This is the mail archive of the
mailing list for the GCC project.
Re: Split Stack performance, signals
- From: Anders Oleson <anders at openpuma dot org>
- To: Ian Lance Taylor <iant at google dot com>, keithr at alum dot mit dot edu, gcc at gcc dot gnu dot org
- Date: Wed, 16 Sep 2015 01:18:14 -0700
- Subject: Re: Split Stack performance, signals
- Authentication-results: sourceware.org; auth=none
- References: <CAKTo2EkTGrb9_ucRVXOVB3FBiVBcqW6qOkHKuxUhZfdFPrjQBA at mail dot gmail dot com> <CAKOQZ8yKXP-75PkEgxqrDMjOqXxUVfe-MRG3o3byUR4AAPSt2g at mail dot gmail dot com>
>> prolog overhead, no call to __morestack : < 1 clock
>> stock call to __morestack (hot): > 4000 clocks
>> without signal blocking: < 60 clocks
>> potential best case: < 6 clocks
> This sounds great.
The data structure I was experimenting with ended up to be not very
different than struct stack_segment. So I am adapting my standalone
test to morestack.S in libgcc. It may not achieve quite 6 clock cycles
within the existing framework, but it should be pretty close. But it
will be useful enough as a larger scale test to be worth a little
effort attempting it.
I also played with using the modulo page-size lower boundary (option
#5) instead. It would have solved one problem with atomic updates but
not all, and but would require very finicky book-keeping. FWIW, it
caused the prolog to slow down just slightly but was actually around
50% shorter. So using fs:0x70 still appears the best performance and a
good balance overall.
How difficult is it to modify the prologs that get generated? I think
I found the code that does that in i386.c and i386.md, but it is
pretty cryptic to me. Any pointers? I know exactly what I want the
assembler to look like. If so I can reduce the overhead from 36 bytes
to 27 for best performance and 21 for best size.
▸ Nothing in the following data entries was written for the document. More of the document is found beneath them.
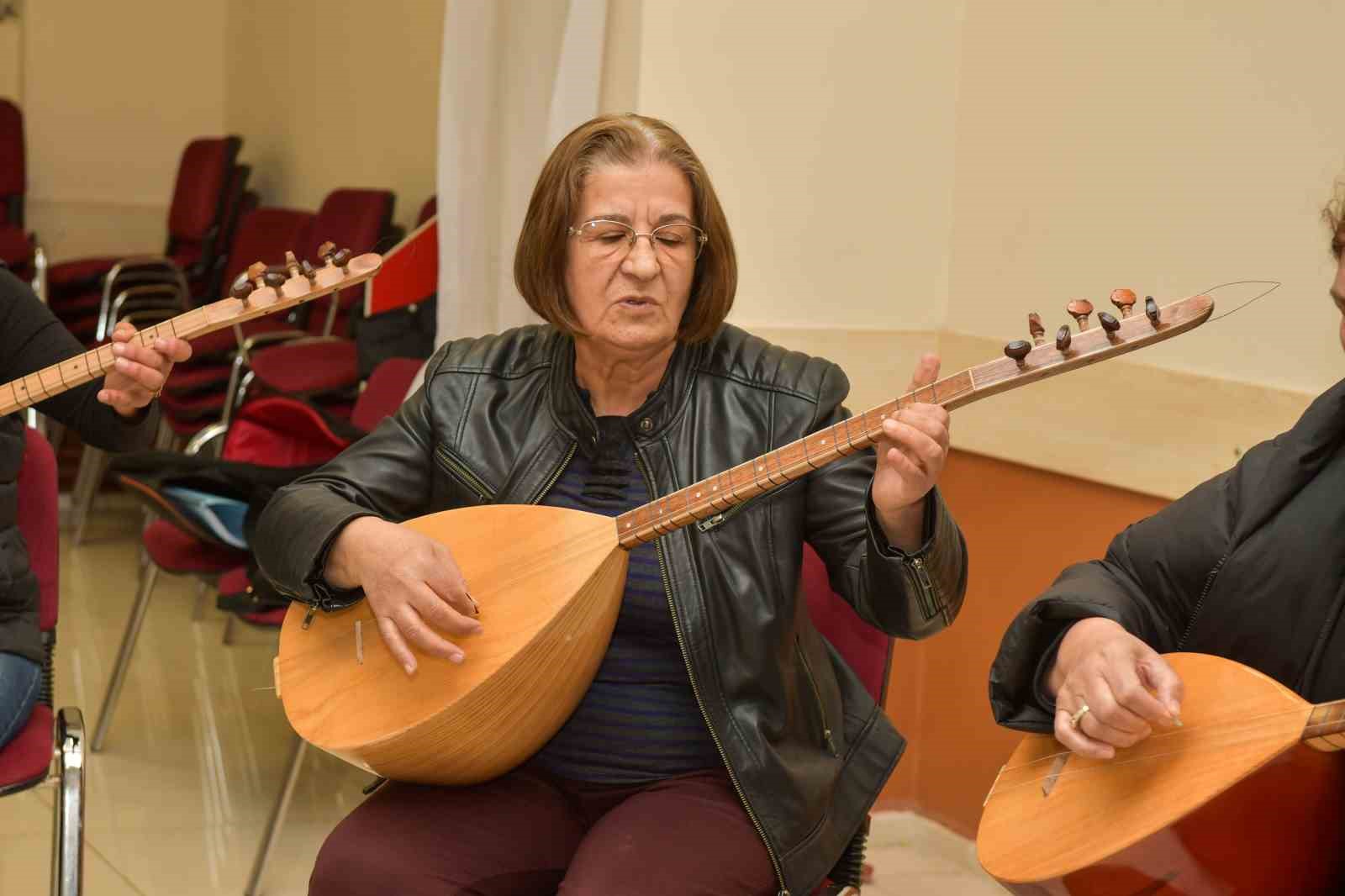 Esenyurtlulara 9 farklı branşta müzik eğitimi
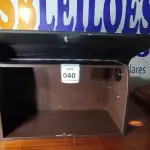 LOTE 040 - 01 ARMÁRIO SUSPENSO. (NO ESTADO EM QUE SE ENCONTRA. SUJEITO A AVARIAS OCULTAS/VISÍVEIS.)
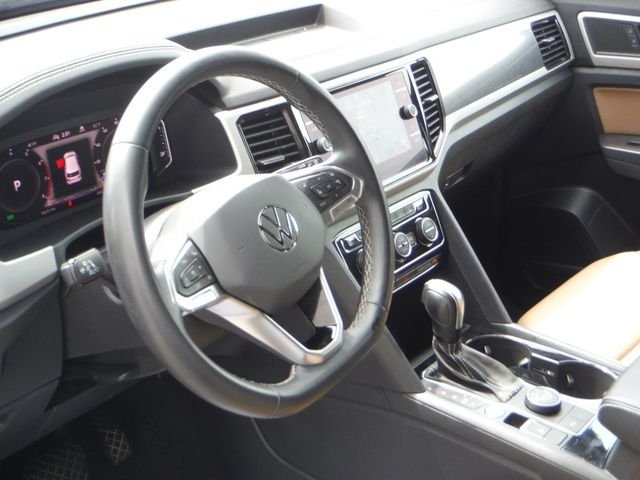 Used 2022  Volkswagen 3.6L V6 SEL image 14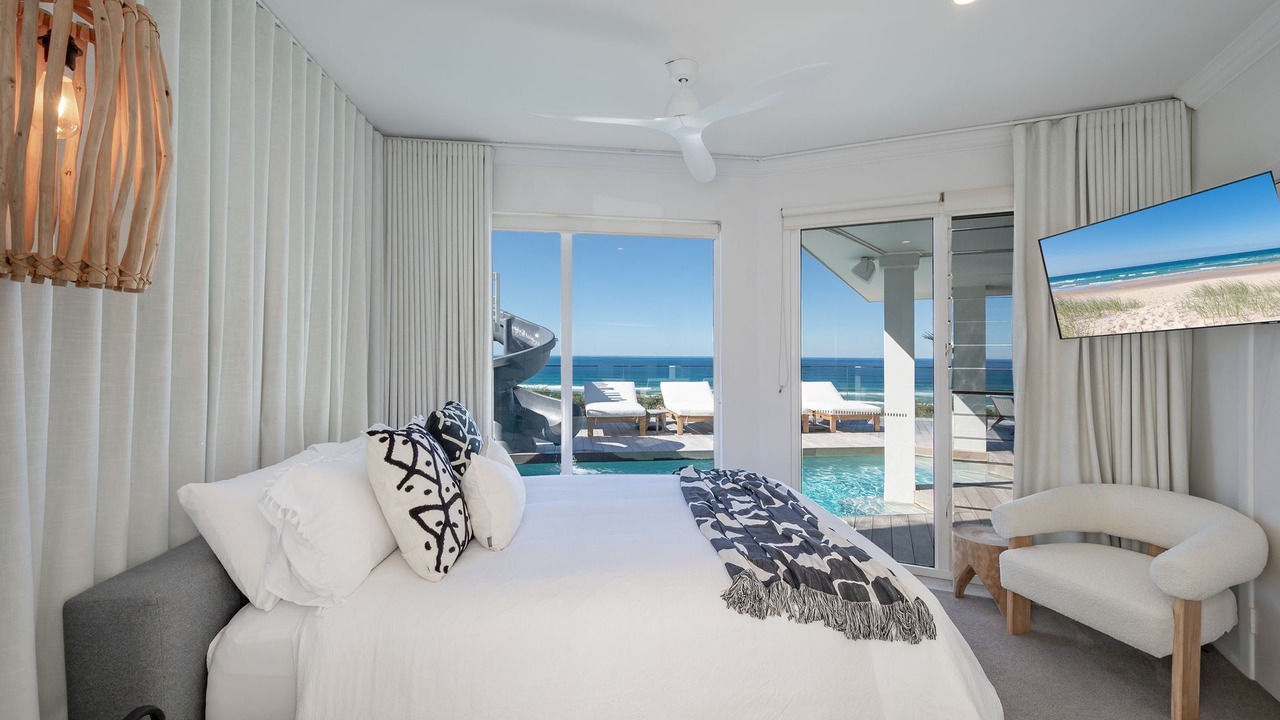 Photo of Bedroom in Castaways Beach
I have not yet played with Go. Keith mentioned having seen issues with
performance variations - is there a representative Go project that I
could build as a good full scale test/benchmark with gccgo? I tried
compiling GCC itself with the _stock_ -fsplit-stack by adding it to
BOOT_CFLAGS. It did not go well. One of the code generator programs
bombed, but it didn't expect it to work easily. Maybe a bit less
*full* scale of a test than that ;)